A cinematic viewing experience
What sets the Xperia 1 apart from the competition is its use of the 21:9 aspect ratio that movies are typically filmed in. That means you’re getting a tall and narrow screen, as opposed to traditional smartphones with a 16:9 or 18:9 aspect ratio, making them wider and a tad shorter. This isn’t the first time we’re seeing a 21:9 smartphone; LG’s New Chocolate smartphone from 2009 had one, and more recently, the Sony Xperia 10, Xperia 10 Plus, and Motorola One Vision all have 21:9 aspect ratios.
The Xperia 1 has the world’s first 4K HDR 21:9 OLED screen, though. It’s not true 4K as the screen resolution is 3,840 × 1,644 (rather than the typical 4K movie resolution of 3,840 × 2,160), but it’s still close enough to count.

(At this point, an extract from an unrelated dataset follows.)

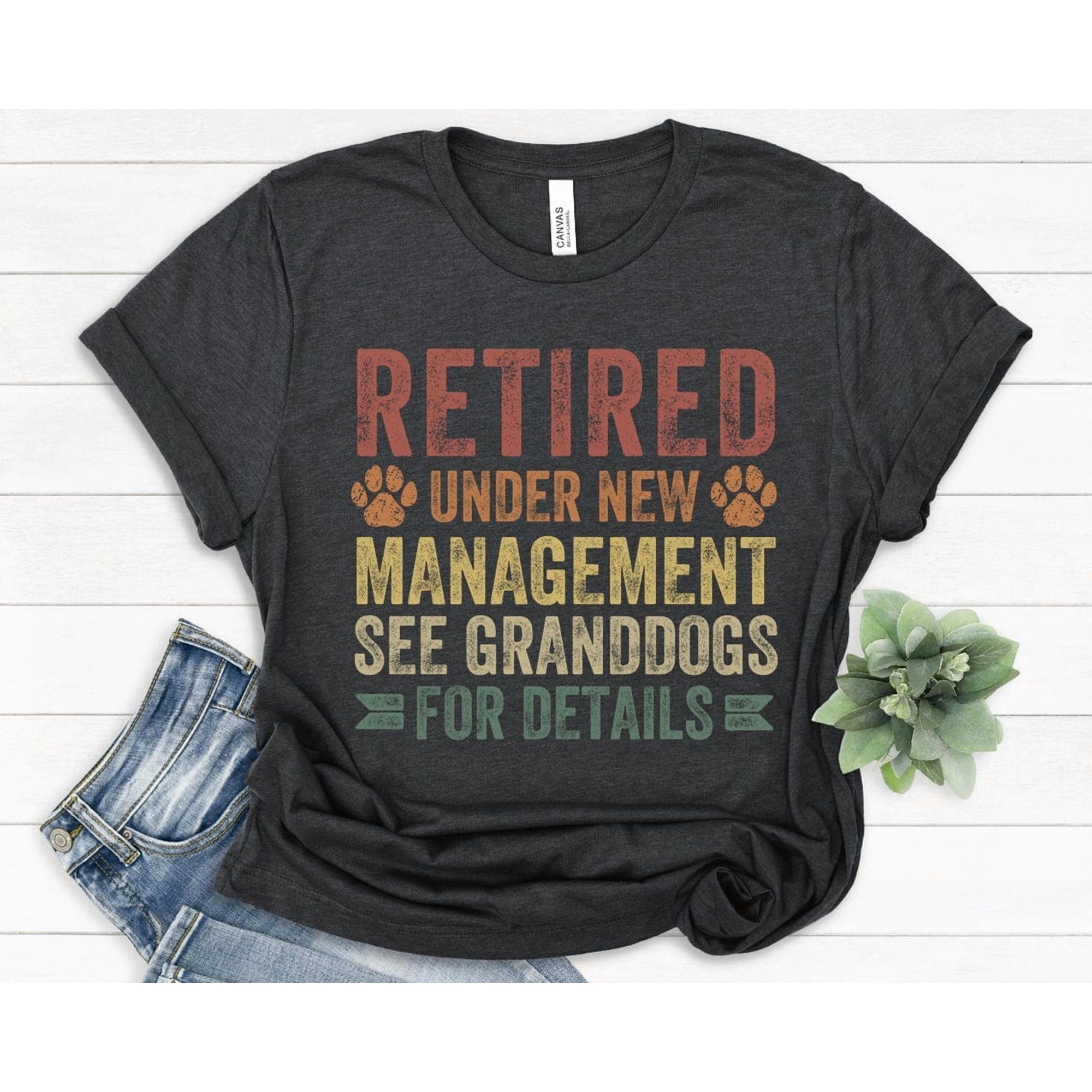 Dog Grandpa Retired Under New Management See Granddogs for Details Retirement for Grandpa Happy Retirement Grandfather T-Shirt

The 6.5-inch screen is incredibly sharp, and support for HDR means when watching HDR content on HDR-supported apps, you get more accurate color profiles the content creator intended to use. And color is really where the Xperia 1 shines. Sony said the Xperia 1 attempts to “provide a faithful reproduction of the creator’s intended vision” by also matching color reproduction from reference monitors (with the DCI-P3 and BT.2020 color gamut and standard) — it’s what Apple’s $5,000 Pro Display XDR claims as well.
You need to toggle Creator Mode in Display settings for this to work, but when you do you’ll find natural and realistic colors in apps like Netflix; it’s not over-saturated like OLED screens on Samsung phones. Even better, there’s a tool to customize white balance to suit your liking. Watching 21:9 4K movies on Netflix is excellent, offering a truly immersive and cinematic experience, with wonderful colors.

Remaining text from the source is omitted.